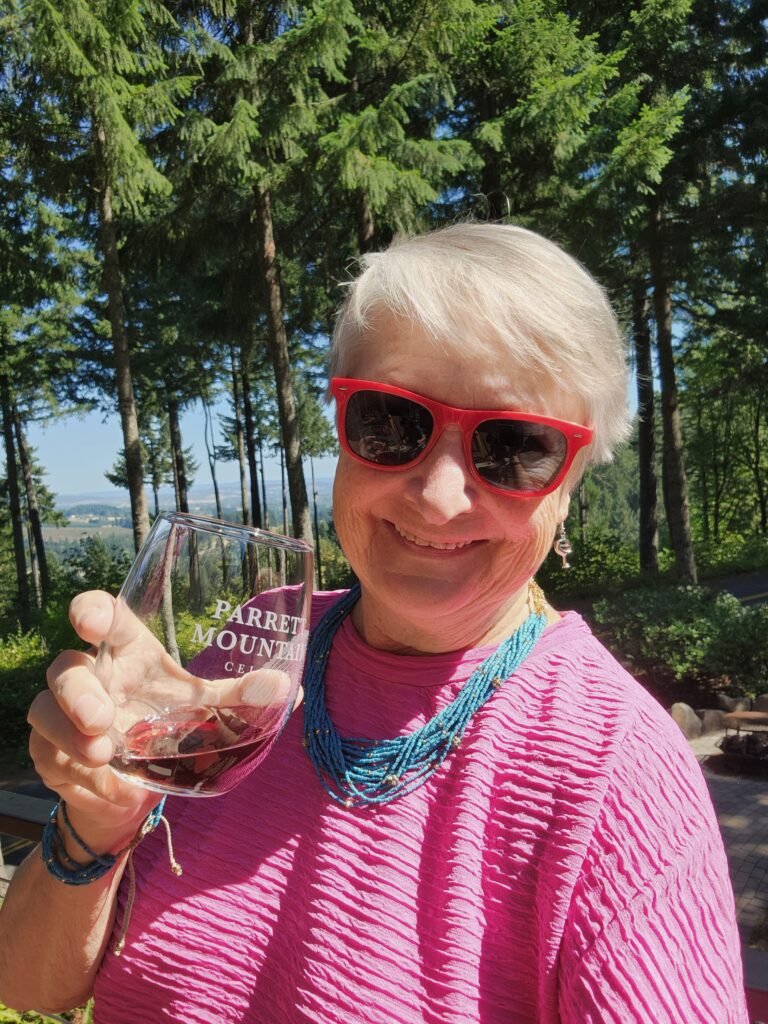 26 Sensational Must-Visit Oregon Wineries in the Willamette Valley 64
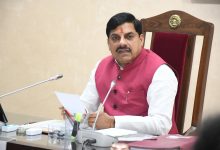 CM : अंबेडकर जयंती प्रदेश के सभी जिला मुख्यालयों पर कार्यक्रम होंगे- यादव 2 IMG 20260407 WA0009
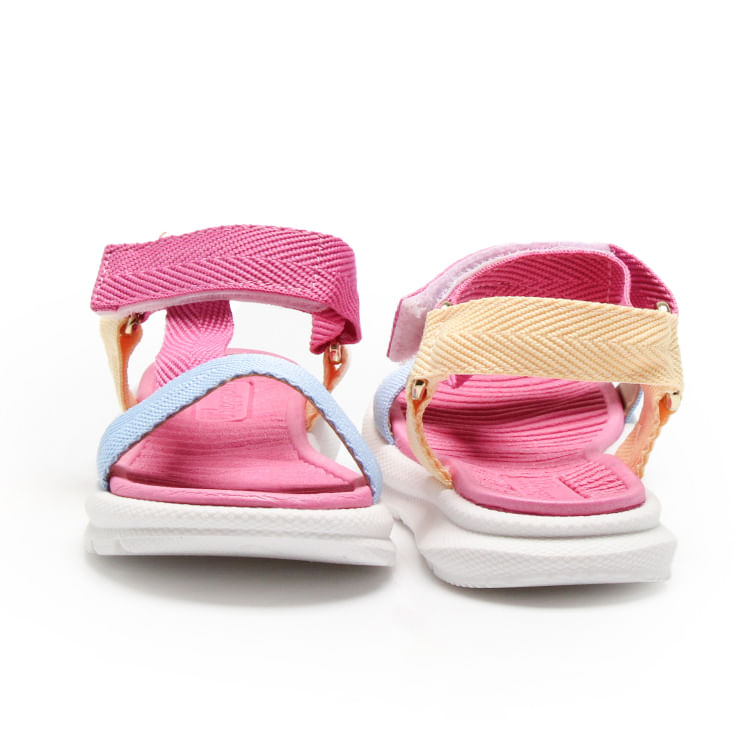 Molekinha-Sandalia-24-2734101-99224-CelesteRosaAmarelo-Gorgurao--6-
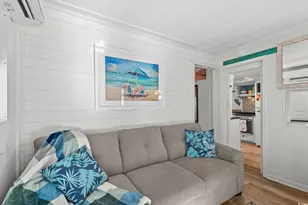 6001-1602 S Kings Hwy, Myrtle Beach, SC 29575 - Photo 9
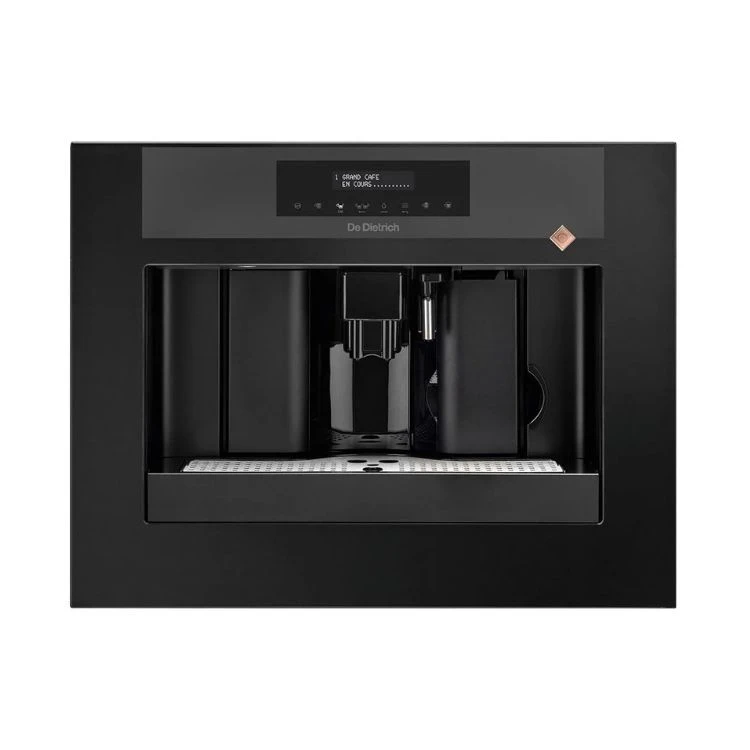 Discover Excellence with De Dietrich: A Legacy of Innovation 6 product 53 1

----------------

_Exercise requirements_:
Every entry, exactly as written: transcribe it, passing over any pictures.

_Expected answer_:
 26 Sensational Must-Visit Oregon Wineries in the Willamette Valley 64
 CM : अंबेडकर जयंती प्रदेश के सभी जिला मुख्यालयों पर कार्यक्रम होंगे- यादव 2 IMG 20260407 WA0009
 Molekinha-Sandalia-24-2734101-99224-CelesteRosaAmarelo-Gorgurao--6-
 6001-1602 S Kings Hwy, Myrtle Beach, SC 29575 - Photo 9
 Discover Excellence with De Dietrich: A Legacy of Innovation 6 product 53 1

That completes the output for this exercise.